Thursday, 5 July 2012

History of Computers


History of Computers


  • Z1 Computer. Developed in 1936 by Conrad Zuse, the first freely programmable computer served as an automatic calculator device with three elements: a control, a memory and a calculator for arithmetic. It used a punched tape reader as its output device instead of a monitor.
  • ABC Computer. The first electronic-digital (binary) computer was developed by Atanasoff and Clifford Berry in 1942. It used parallel processing, regenerative memory and had a separation of memory and computing functions.
  • Harvard Mark I Computer. Howard Aiken and Grace Hopper developed this model in 1944. Imagine a giant room full of noisy, clicking metal parts, 55 feet long and eight feet high. The five-ton device contained almost 760,000 separate pieces.

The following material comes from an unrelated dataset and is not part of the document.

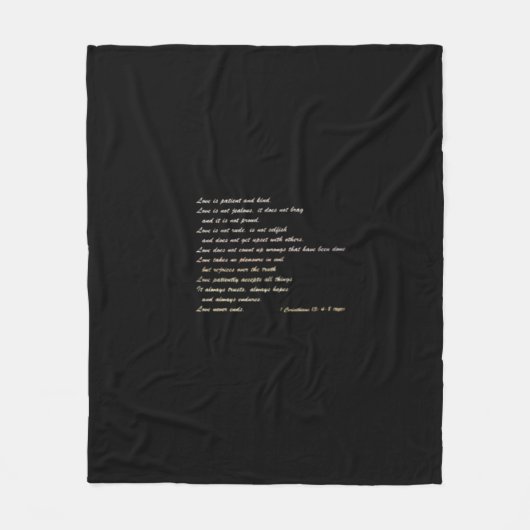 Love Is Patient Simple Inspirational Design  Fleece Deken (Voorkant)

  • Manchester Baby Computer and the Williams Tube. Developed by Frederic Williams and Tom Kilburn in 1948, it used a type of altered cathode ray tube for a computer monitor. (Cathode ray tubes were also used for early television sets.)
  • The Transistor was developed by John Bardeen, Walter Brattain and William Shockley in 1948. Although not a computer itself, it greatly assisted in their evolution by making them more stable electronically and cheaper to produce.
  • UNIVAC Computer. Developed by John Presper Eckert and John Mauchley in 1951 for the Census Bureau, the device was also used commercially for payroll.
  • IBM FORTRAN. John Backus developed the first successful high-level programming language in 1954.
  • MICR (Magnetic Ink Character Recognition). This technology was developed for the bank industry in 1955 by Stanford Research Institute, Bank of America and General Electric to read the numbers at the bottom of checks.
  • Integrated Circuit or "Computer Chip." Developed by Jack Kilby and Robert Noyce in 1958; placed the previously separated transistors, resistors, capacitors and all the connecting wiring onto a single crystal (or "chip") made of semiconductor material.
  • Spacewar Computer Game. The first computer game was invented by Steve Russell and the Massachusetts Institute of Technology in 1962.
  • Computer Mouse and Windows. In 1964, Douglas Engelbart of Stanford Research Institute created the mouse to use with the first graphical user interface, both his inventions.
  • ARPAnet. The first internet was developed in 1969 by Charles M. Herzfeld.
  • Intel 1103 Computer Memory. The world's first dynamic random access memory (RAM) chip was developed in 1970.
  • Intel 4004 Computer Microprocessor was developed by Faggin, Hoff, and Mazor in 1971.
  • The Floppy Disk was invented by Alan Shugart and IBM in 1971.
  • Ethernet Computer Networking was developed by Robert Metcalfe and Xerox in 1973.
  • First Consumer Computers. The first consumer computers were developed by IBM and Apple in the mid-1970s.
  • MS-DOS Computer Operating System was developed by Microsoft in 1981.
  • Laptop Computer. The PC Convertible, the first laptop sold to consumers, was developed by IBM in 1986. It weighed 12 pounds.
  • 3.5-inch diskette. First produced by IBM in 1987.
  • VGA Computer Screens. Introduced in 1987 by IBM, the Video Graphics Array is a display standard that provides 640 x 480 resolution that could display 16 colors at one time.
  • Worm. A computer worm released onto ARPAnet in 1988, disabled about 6,000 computers.
  • The World Wide Web. Launched to the public Aug. 6, 1991, the World Wide Web was developed by Tim Berners-Lee, a scientist at the European Partial Physics Laboratory (CERN) in Geneva, Switzerland. The year before he also developed the first hypertext system.